Before that, you needed to have a biological sample from a suspect and be able to compare it to somebody in in a database to put it together because uh you're you're at a crime scene, a murder scene, and there's some blood or semen or what what have you at the scene. You test it, get a DNA result, put it into the this COTUS database, this national DNA database, and if somebody is in that database who had been convicted of a crime, have a match here.
There was never a match. And what the the cops up in Northern California did, which was a first, was that they went to I I I don't know how they got the idea if the the people who were doing genealogy went to the police or vice versa, but anyway, there was a a connection and they they decided that it may be possible by looking at aspects of the DNA collected at the crime scene to look at portions of that DNA and compare it to a close relative of the individual.
Uh so this takes a lot. It's not a straightforward thing. You need to have people who are familiar with uh with uh dealing with these uh uh relationships between generations of family members, these genealogologists and also have some somebody there who is also familiar with the DNA. At the time there was these were two very distinct areas and this has since kind of begun to consolidate and uh after doing a whole bunch of testing they finally found an individual that had some features that was a close relationship to uh the suspect.
Uh the police began to do some old-fashioned police work and they figured out that it this this particular individual could be the suspect in in the case that they're looking for and they started to follow him and I guess they they followed him to a a coffee shop.
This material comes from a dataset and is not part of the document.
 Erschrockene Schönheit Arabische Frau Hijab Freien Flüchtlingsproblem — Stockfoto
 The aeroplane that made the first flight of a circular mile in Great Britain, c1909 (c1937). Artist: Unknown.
I don't I don't know if it was a a Winshells or a uh whatever.
and he had a cup of coffee and he threw the cup uh away at when he finished with it. Uh the police were right behind there. They fished it out and they did typing on the cup on the saliva on the cup from the individual and bingo, it was him.
So that that was a a huge turnabout from the way DNA had been done before. It it just opened up all kinds of new possibilities that uh were were just dreams prior to that.
>> Um and yeah, now it's common practice to trail someone until they drop a piece of gum on the ground or a cup in a trash can. uh and now it's common practice to go to the genealogy websites where people have uploaded their you know to find out what their you know background is and all that right >> but it's it's it continues to be an issue of um having big brother looking over your shoulder there are uh lots of people in our community and in across the country for that matter that worry about the government having that much information about your genetic profile, >> right? And that there's a reasonable argument there because if you if you imagine that DNA at some point is going to be able to tell if you are predisposed to a particular disease.
And if insurance companies can get access to that information, they may not want to sell you insurance. or say it's a pre-existing condition and you're just not covered.
So the you just can't dismiss it out of hand to say that these people are just misguided. They do have a a point and the solution to this is to have enough government controls and oversight that it's not misused.
>> Right? So the grim sleeper turned out to be a guy named Lonnie Franklin Jr. uh and he was active primarily uh in kind of south central LA. I believe he was killing sex workers primarily. He was convicted and he um he ultimately died in prison I think from an illness.